When anthropologist John Comaroff at Harvard University was put on unpaid leave for allegations of sexual misconduct, a network of colleagues rallied to support him—revealing how entrenched systems in academia often allow sexual violence and other power-based abuse to continue.
Rows of wooden tables with lamps and wooden chairs line a white stone hall with four tall pillars at the entrance and a blue and white ceiling with glass skylights.

Corey O’Hara/Getty Images

On February 4, The Harvard Crimson broke the news of an open letter, signed by 38 faculty members, in support of John Comaroff. This prominent professor of anthropology and African studies had been placed on unpaid administrative leave two weeks earlier following a university investigation that had found him responsible for violating sexual harassment and other professional conduct policies. Another open letter had been published the day before in The Chronicle of Higher Education, with 55 more names of higher education faculty and others from around the world supporting Comaroff’s assertion that the accusations were all just a result of a single, misunderstood incident.

Neither letter addressed the nature or severity of the accusations against Comaroff. They instead focused on his character as a “devoted scholar” and “excellent adviser,” or on the due process politics of Harvard’s Title IX proceedings.

A few days later, three graduate students—Margaret Czerwienski, Lilia Kilburn, and Amulya Mandava—filed a lawsuit against Harvard in Boston federal court. The 65-page complaint—widely circulated on social media—details the profoundly serious nature of the allegations against Comaroff involving physical and emotional violence experienced by several students over multiple years as well as Harvard’s inadequate response. Afterward, the majority of the Harvard letter signatories and some of the influential names on the Chronicle letter rushed to retract their signatures.

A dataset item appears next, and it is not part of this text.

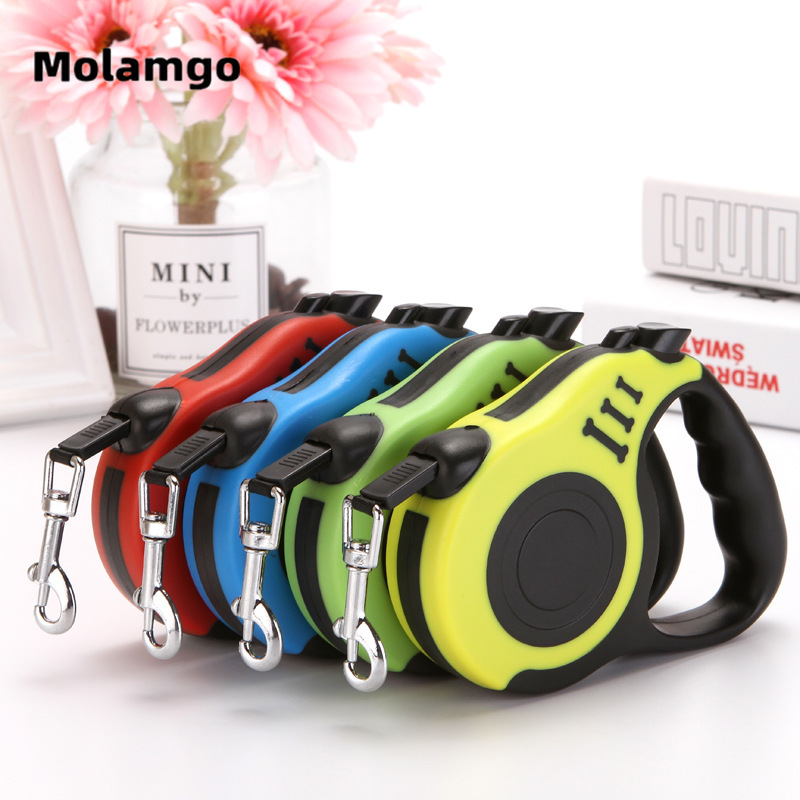 Dây Dắt Thú Cưng Đi Dạo Rút Gọn Linh Hoạt Dài 3/5M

However, the damage was done. The networks of power and prestige had already closed ranks around one of their own and made it clear to everyone in their academic circles that Comaroff’s reputation was more valuable than the lives and careers he had allegedly harmed. Other statements, this time denouncing the original Comaroff supporters, followed—including a letter signed by 73 Harvard faculty and then another open letter from anthropologists circulated online that had gathered over 800 signatures as of the end of February.

The news coverage and outrage about Comaroff will eventually die down and disappear. It always does. Many of us involved in the fight for justice fear, however, that the academic system, and those at the top of it, will not enact substantial changes as a result of this case. Rather, we believe that those in positions of power will once again nod and consider the matter closed and the “bad apple” adequately punished.

As someone who has worked directly with survivors of sexual violence as part of the MeTooAnthro Collective, I want to underline that incidents of sexual harassment and assault are not isolated actions. Rather, such abuses are endemic in the structures of academia.

The very cycles of investigation, reporting, and legal action that are meant to address these harms often fail to acknowledge that injustice has been, and continues to be, perpetrated not only by individuals but by the people and organizations around them. The problem is not just the pervasiveness of sexual misconduct in the academy and the lack of adequate institutional responses to reports of it, but the comfortable fiction that abuse is limited to isolated interactions and is mostly meaningless unless it rises to the level of a crime.

So, what is it about academia—and anthropology specifically—that allows this kind of systemic abuse to thrive?

As feminist scholars in anthropology and related fields have often pointed out, sexual harassment and assault do not exist alone.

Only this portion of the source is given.